Mulai dari jalan menuju terminal bus Tanjung Priok, yang terlihat sesaknya jalan oleh puluha angkot, bus, metromini dan bus antar kota antar propinsi yang akan masuk terminal dari arah TOL Cawang. Belum lagi pemandangan kontras di pinggir jalan, para pengayuh ojek sepeda onthel yang berlomba mencari penumpang dari angkutan umum yang berhenti di beberapa titik persimpangan jalan. Pedagang asongan, buah, minuman dan rokok juga tak mau kalah ambil bagian manfaatkan ramainya suanasana sekitar teminal. Sekilas memang kita bisa melihat secara kasat mata bahwa ini adalah kawasan bisnis yang sangat padat dan pasti uang yang berputar di kawasan ini nilainya luar biasa, dalam satu hari. DI sepanjang jalan samaskali kita tak melihat adanya tanah atau lahan kosong. Semua gedung bertingkat dua atau lebih, perkantoran, toko atau cafe.

Keluar dari Terminal us Tanjung Priok, angkot melambatkan laju, yang harus bersabar dengan deretan truk container, yang keluar masuk area pelabuhan. Di kiri kanan jalan terlihat tumpukan peti kemas yang di parkir di area terbuka. Selepas dari area pelabuhan masih saja angkot tak bisa melaju normal, ternyata genangan air memenuhi jalan. Sempat tengok ke arah utara, ternyata permukaan air laut dan jalan raya sudah sama tinggi, sehingga jalan raya pun harus ikut terendam luapan air laut.

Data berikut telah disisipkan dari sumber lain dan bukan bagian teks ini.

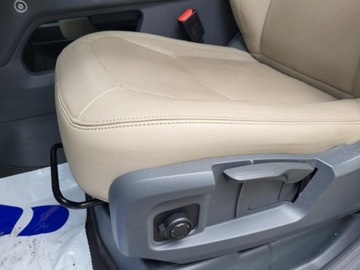 Land Rover Defender IV (L663) 90 3.0 i6P 400KM 2023 LANDROVER DEFENDER SE 110 P300AWD, 2.0l benzyna 300KM Przebieg 32,064km, zdjęcie 5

Menuju ke Kota Lama melewati area rekreasi Ancol dan kawasan padat permukiman di Pademangan (sisi selatan Ancol), di sini pun tampak bahwa Jakarta utara seakan tak bisa bernafas karena jumlah bangunan yang tumbuh di atas tanah Jakarta Utara sudah benar-benar tak bisa bergerak. Wajar bila banyak pihak mengatakan Jakarta overload, Jakarta butuh ruang untuk bernafas, pemerintah brteriak kampung miskin akan ditertibkan untuk menambah Ruang Terbuka Hijau (RTH). Benarkah Jakarta benar-benar penuh sesak, dan sudah tidak ada lagi ruang yang tersisa.

Lain perjalanan dari Priok-Kota Lama, saya coba lakuka pengamatan lebih detail, bagaimana lingkunan fisik di Jakarta Utara. Bagaimana ruang-ruang kota dimanfaatkan oleh penduduk kota dan pemerintah di Jakarta Utara. Sungguh ironis, ternyata banyak bangunan di Jakarta Utara yang tidak dimanfaatkan dengan baik, entah kosong, rusak atau sengaja dibiarkan oleh pemiliknya sebagai bagian dari investasi jangka panjang di Kota besar. Sepanjang jalan sisi selatan Stasiun Kota saja, saya lihat lebih dari 5 bangunan yang kosong. Di kampung Bandan, area sekitar TOL kamppung Walang, lahan milik TNI AD juga terbengakalai (lebih dari 1 HA), 30 HA lahan di Taman BMW Sunter yang saat ini digunakan warga untuk membuat kampung ilegal dan banyak bangunan yang menyisakan puing tak berpenghuni. Indikasi apakah ini?

Satu sisi kita mengatakan Jakarta penuh sesak, tapi di lain sisi pemerintah tak punya ketegasan terhadap pemanfaatan lahan di dalam kota untuk kepentingan yang jelas. Banyak lahan kosong dan luas, tapi tak sedikit pula warga miskin di kota Jakarta yang harus survive dengan bersusah payah hidup di kampung padat, tidak sehat dan ilegal. Bila pemerintah peka melihat apa yang terjadi di kota, berkaitan dengan efisiensi dan optimalisasi pemanfaatan lahan, maka pemasalahan permukiman miskin seharusnya dapat dipecahka bersama dengan melibatkan BPN, aparat hukum, Dinas Tata kota dan Bangunan dan warga miskin.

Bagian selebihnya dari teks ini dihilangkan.